Genel SDR tahsisi nedir?

  • SDR tahsisi, Fon üyesi ülkelerin döviz rezervlerini tamamlamanın bir yoludur ve üyelerin rezerv oluşturmak için daha pahalı iç veya dış borçlara olan bağımlılıklarını azaltmalarına olanak tanır.
  • IMF, Anlaşma Maddeleri uyarınca, SDR Departmanındaki katılımcılara (şu anda IMF’nin tüm üyelerine) IMF’deki kotaları oranında SDR’lerin “genel tahsisleri” yoluyla koşulsuz likidite yaratma yetkisine sahiptir .
  • IMF’nin Makaleleri, bu tür tahsislerin yapılabileceği koşulları, yani SDR’lerin genel tahsislerinin, IMF’nin amaçlarına ulaşılmasını teşvik edecek ve ekonomik durgunluğu önleyecek ve mevcut rezerv varlıklarını tamamlamaya yönelik uzun vadeli bir küresel ihtiyacı karşılaması gerektiğini belirtir. deflasyon, aşırı talep ve enflasyon; ve bu tahsislerin SDR Departmanı katılımcılarının geniş desteğine sahip olması gerektiğini.

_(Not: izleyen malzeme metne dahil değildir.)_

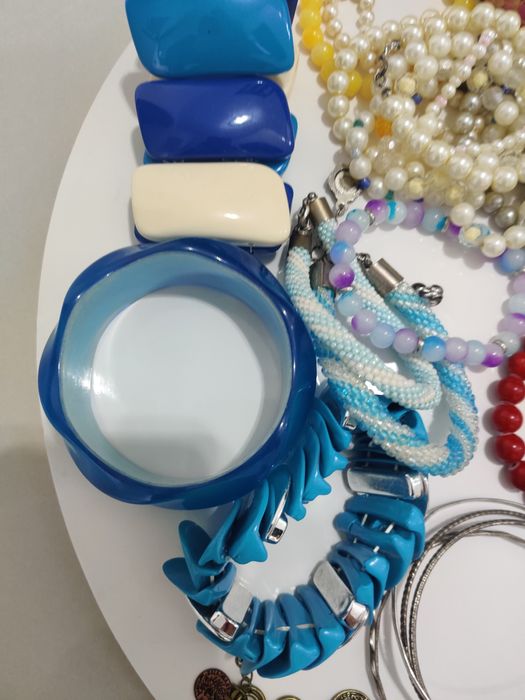 Mega paka bransoletek koraliki .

2021 genel SDR tahsisinin amacı ve faydaları nelerdir?

  • Genel bir SDR tahsisinin doğrudan bir faydası ve aslında Fon’un Anlaşma Maddeleri uyarınca böyle bir tahsisin amacı, uzun vadeli bir küresel ihtiyacın karşılanmasına yardımcı olmak için mevcut rezerv varlıklarını desteklemektir. Bu, tamponları güçlendirir ve uluslararası ekonomik direnci güçlendirir. SDR tahsisi, hassas ülkelerin istikrara kavuşturulmasına yardımcı olarak, ekonomik ve sosyal kırılganlık risklerini azaltmaya, yayılmaları en aza indirmeye ve uluslararası para sisteminin istikrarını artırmaya yardımcı olabilir.
  • 23 Ağustos 2021’de uygulanan 456.5 milyar SDR’lik (yaklaşık 650 milyar ABD Dolarına eşdeğer) genel tahsisat, uzun vadeli küresel rezerv ihtiyacını ele alıyor, güven inşa ediyor ve sürdürülebilir ve esnek bir küresel toparlanmayı destekliyor. Tüm üye devletlere fayda sağlar ve COVID-19 krizinin etkisiyle başa çıkmakta zorlanan gelişmekte olan pazarlara ve düşük gelirli ülkelere yardımcı olur. Bugüne kadarki açık ara en büyük olan bu genel tahsis, COVID-19 pandemisine uluslararası işbirliğine dayalı yanıtın başlıca örneğidir.

Şimdiye kadar kaç SDR tahsis edildi?

  • Fon, dört genel tahsis ve bir kerelik özel tahsis dahil olmak üzere toplam 660,7 milyar SDR (yaklaşık 935,7 milyar ABD Dolarına eşdeğer) tahsis etti. özellikle:
  • 1970-72’de yıllık taksitler halinde 9,3 milyar SDR tahsis edildi.
  • 1979-81 yıllarında yıllık taksitler halinde 12.1 milyar SDR tahsis edildi.
  • 28 Ağustos 2009’da 161,2 milyar SDR tahsis edildi.
  • 9 Eylül 2009’da, 1981’den sonra IMF’ye katılan üyelerin hiçbir zaman tahsis almamış olmalarını (Dördüncü Değişiklik özel tahsisi) düzeltmek için, bir kerelik 21,5 milyar SDR’lik özel bir tahsis yürürlüğe girdi. .
  • 456,5 milyar SDR (yaklaşık 650 milyar ABD Dolarına eşdeğer) 23 Ağustos 2021’de bugüne kadarki en büyük tahsisat olarak tahsis edildi.
  • Ayrıca, Fon’a yeni katılan üyeler, SDR Departmanına katılmaları halinde SDR tahsisi alırlar.

Dördüncü Değişiklik Özel SDR tahsisi nasıl ortaya çıktı?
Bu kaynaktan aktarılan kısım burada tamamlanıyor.